Pangolin illegal trade in Mozambique
At least 100 people were arrested for pangolin trafficking in Mozambique in 2019, with a total of 31 cases registered in the provinces of Niassa, Nampula, Sofala, Tete, Manica and Maputo.
The reported cases put Mozambique at the origin of pangolins trafficked to the Asian black market, highlighting the critical nature of the threat to this species in Mozambique, director general of the National Administration of Conservation Areas (ANAC) Mateus Mutemba says.
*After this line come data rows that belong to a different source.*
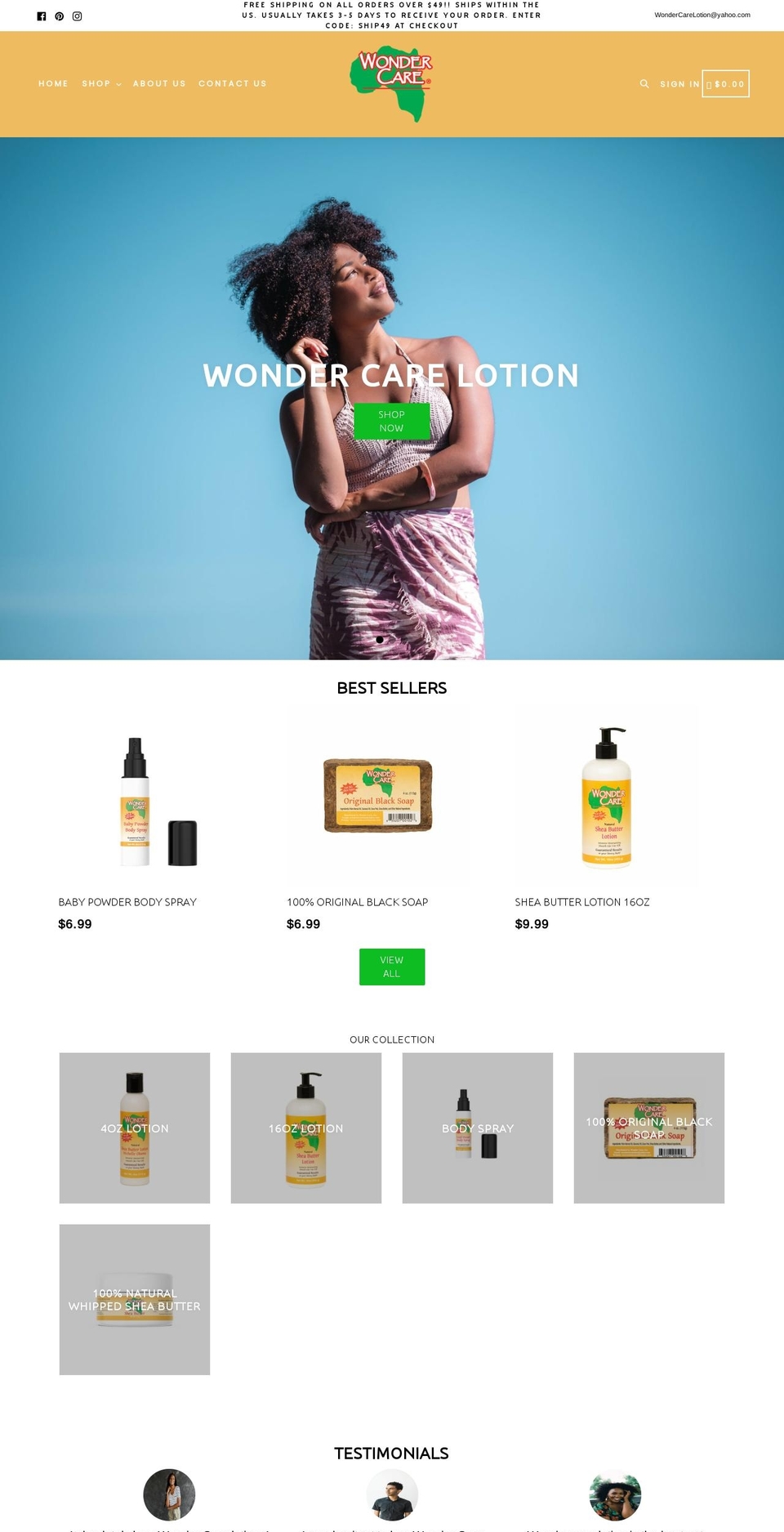 wondercarelotion.com shopify website screenshot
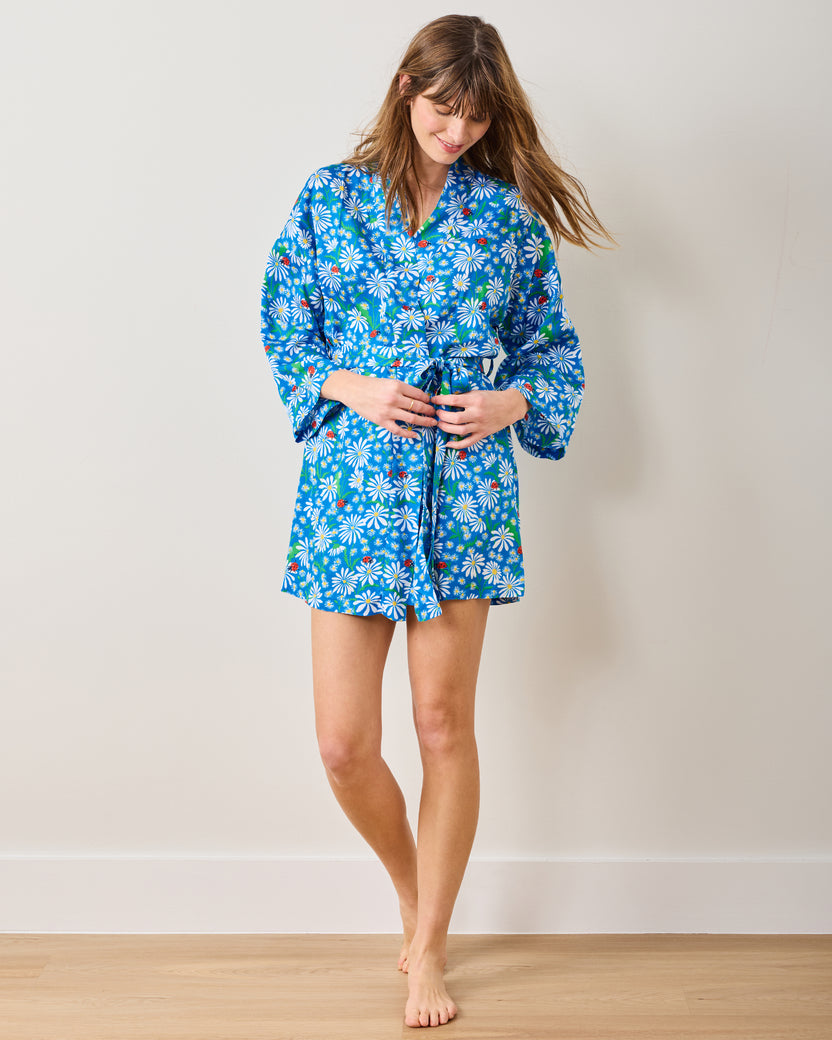 Lucky Daisy - Eco Satin Glam Mini Robe - Deep Cobalt - Printfresh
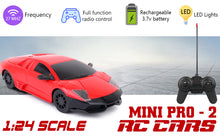 Load image into Gallery viewer, Mini Pro RC Car - Red | 27 Mhz Fully Functionable | 1:24 Scale | Battery &amp; Charger Cable | Range upto 25m | Luminous Headlight | Perfect Tyre Grip | For Age 4+ Years
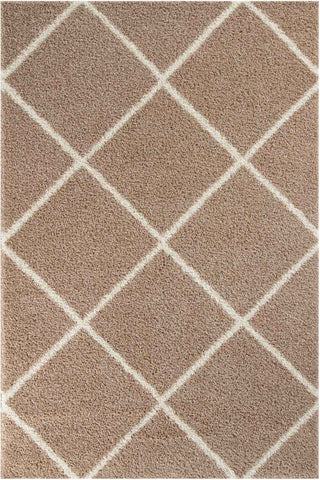 Moroccan beige shaggy rug with a beige color and white diamond pattern perfect for cozy living spaces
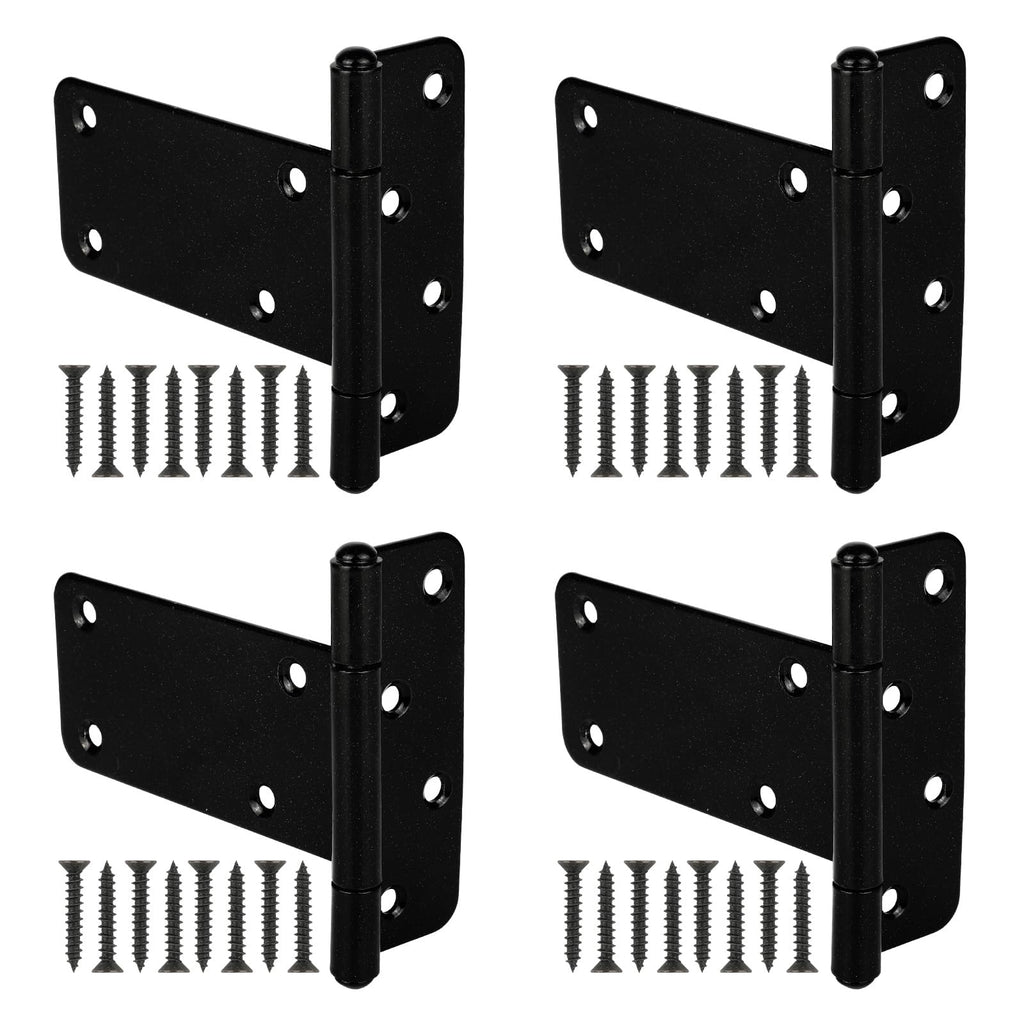4 Pack 5 in T-Strap Heavy Duty Gate Hinges 260 Lbs Capacity, Black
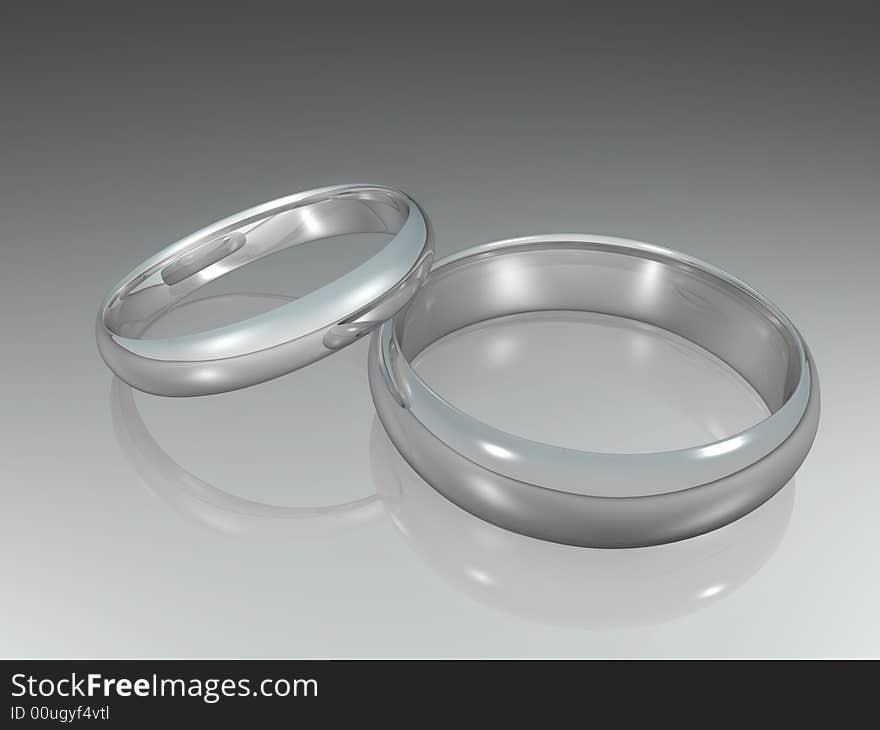 CG illustration of overlapping platinum wedding rings on a glass surface.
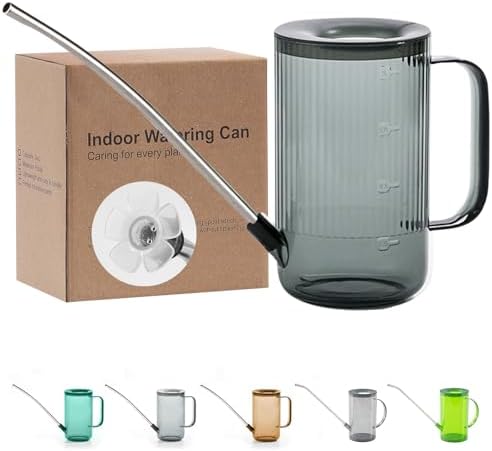 Long Spout Watering Can Indoor, Small Watering Cans for House Plants, Flowers, Succulents, 34oz (Grey) by TennedrivGreen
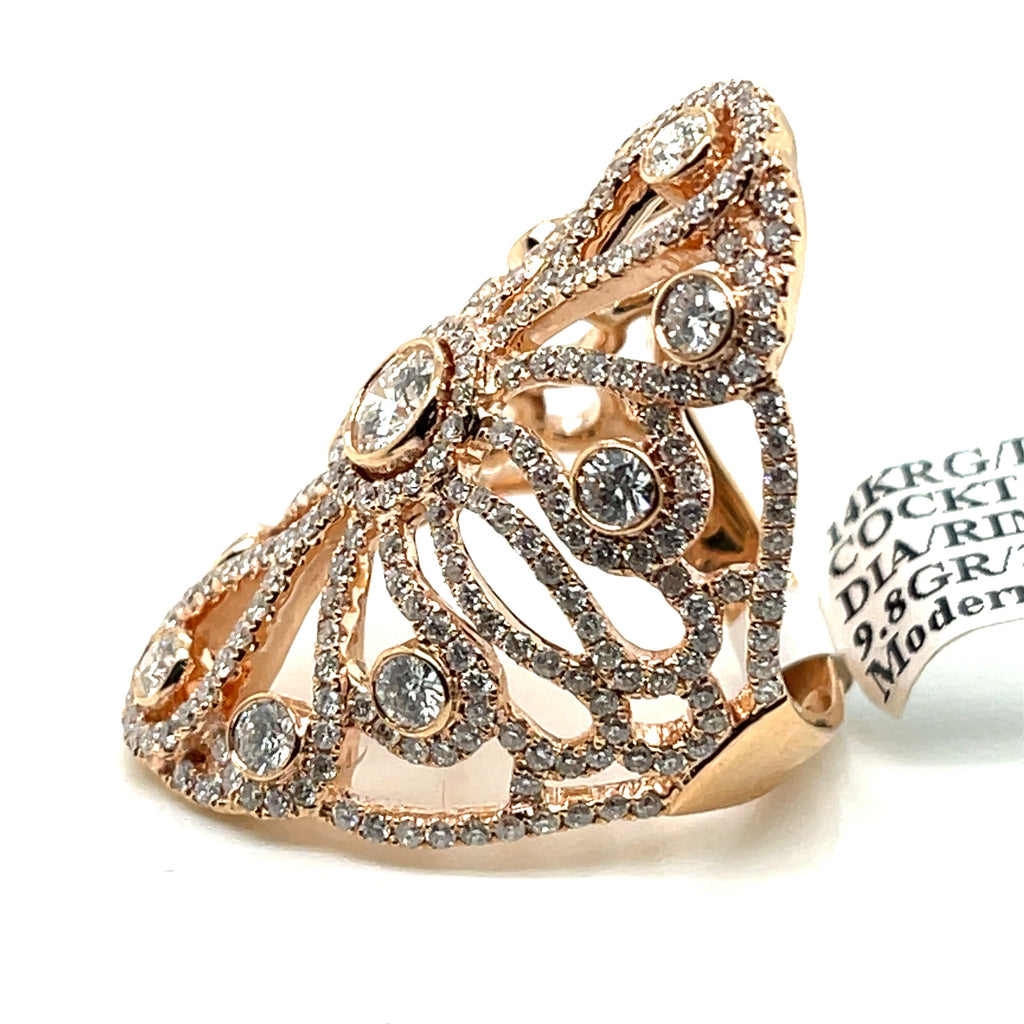 14k Rose Gold 3.00 CT Diamond Cocktail Ladies Ring, 9.8gm, Size 7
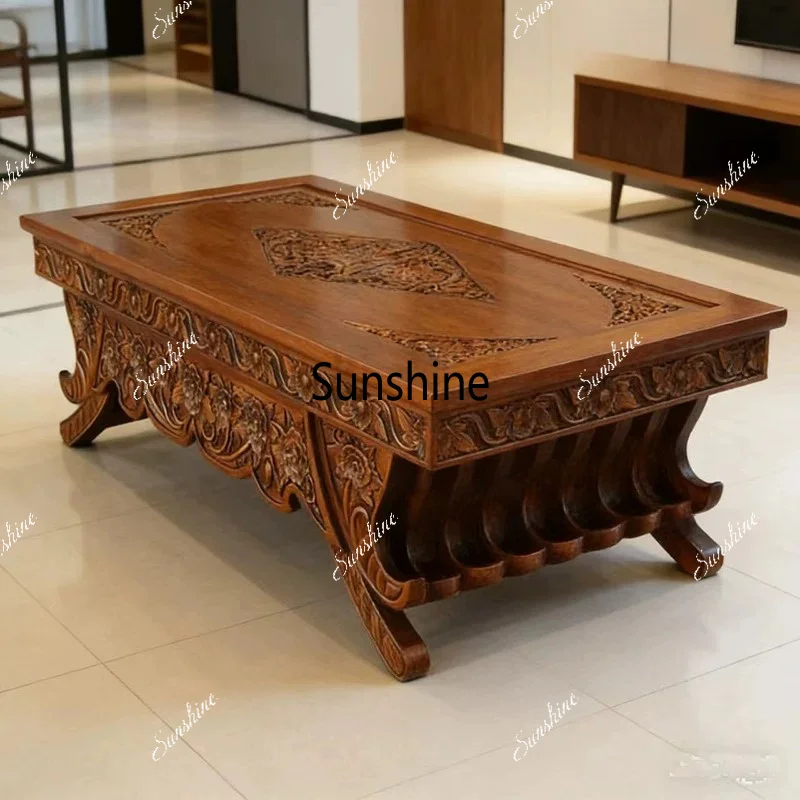 Solid wood carving flower coffee table, old elm coffee table, simple coffee table in the living room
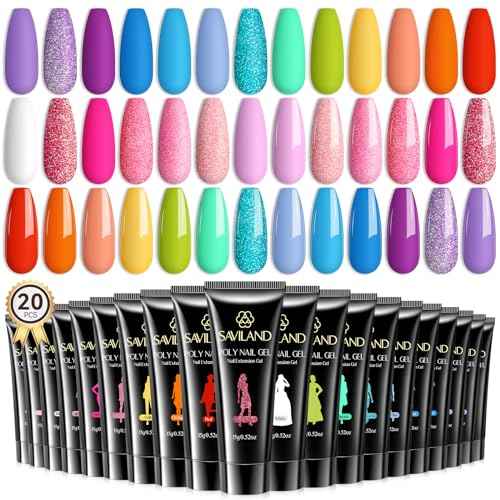 SAVILAND Poly Gel Nail Colors: 20 Colors Nail Extension Gel Kit Bright Rainbow Pink Purple Blue Color Collection Poly Gel Nail Kit for Daily Nail Art DIY Nail Salon Gift for Girls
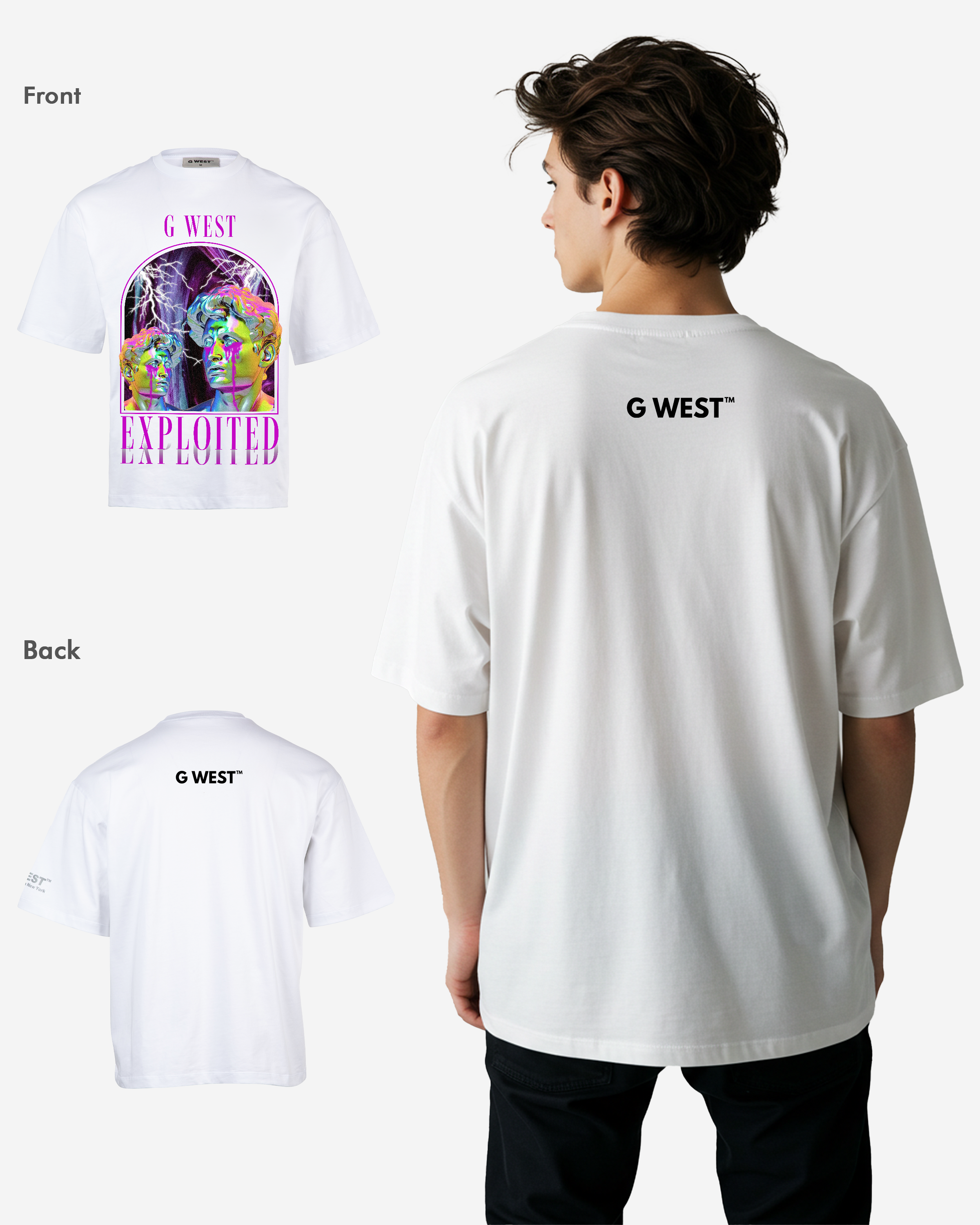 G WEST Exploited Oversized T-Shirt Mens G West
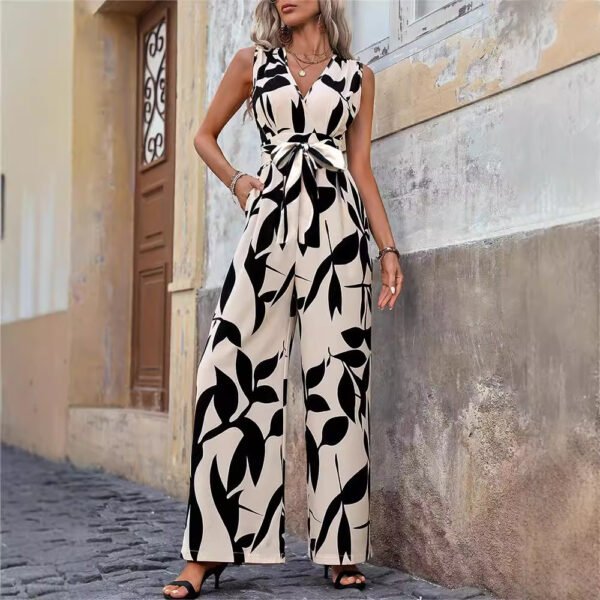 Summer Collection — Wide Leg Jumpsuit High Waist Lace-up Elegant Office Romper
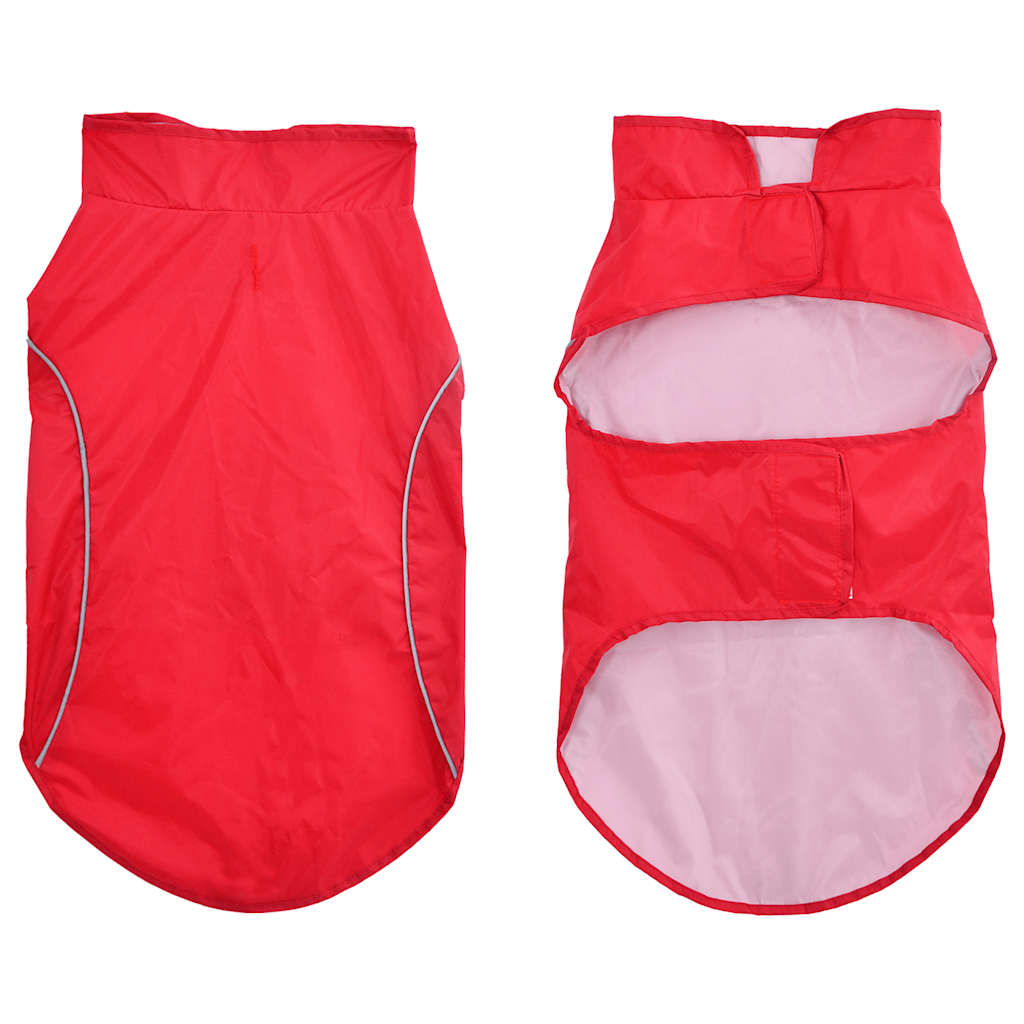 Hunderegnfrakke med refleksstriber polyester L rød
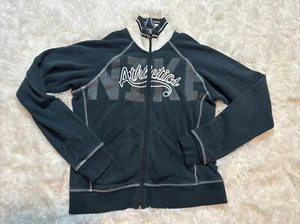 Vintage Nike Athletics Full Zip Fleece Blue Mock Neck Medium Womens Gray Tag - Picture 1 of 7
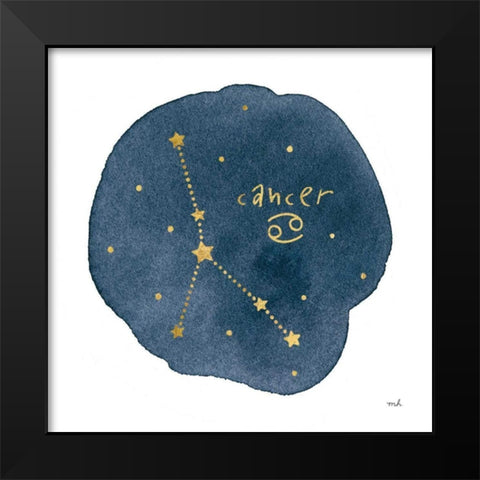 Horoscope Cancer Black Modern Wood Framed Art Print by Hershey, Moira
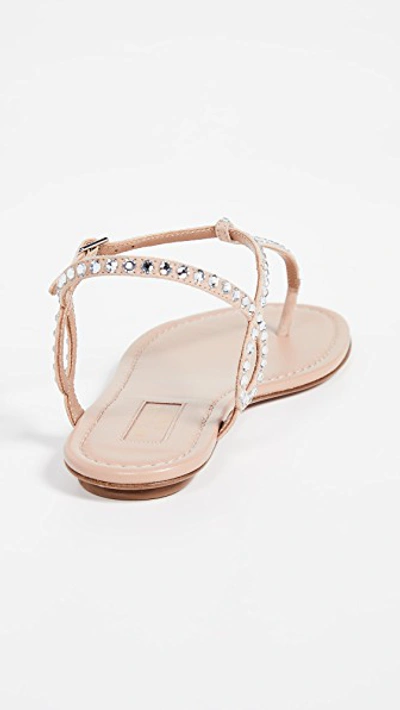 Shop Aquazzura Almost Bare Crystal Flat Sandals In Powder Pink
Speaking last Monday at the launch of National Pangolin Week, celebrated annually in the second week of February, Mutemba said that four of those detained were sentenced to prison terms ranging from 12 to 16 years.
The ANAC director general pointed out that the pangolin plays a very important role in maintaining the balance of ecosystems, and is responsible for controlling ant and termite numbers, keeping the soil airy and fertile for agricultural production.
An adult pangolin is estimated to consume about 20,000 ants or termites per day – more than 70 million a year, he said.
“In the Mozambican tradition, the pangolin is called eka (in the north), nkawale (in the centre) and halakavuma (in the south) and has invaluable socio-cultural value. The animal is associated with several myths. Some believe the pangolin to be an envoy of God, foreshadowing prosperity, rain and good harvests. Sometimes, the animal is seen as a messenger of negative events, such as drought and other adverse climatic phenomena,” Mutemba explained.
Before globalisation, he added, these myths and beliefs contributed to the survival of the species, but the increase in demand for traditional Asian medicine has caused a rapid decline in the pangolin population.
Illegal trade in wildlife products not only creates imbalance in ecosystems and loss of biodiversity, but also harms the country’s economy by limiting opportunities to generate jobs and income for local communities through the wildlife-based economic activities.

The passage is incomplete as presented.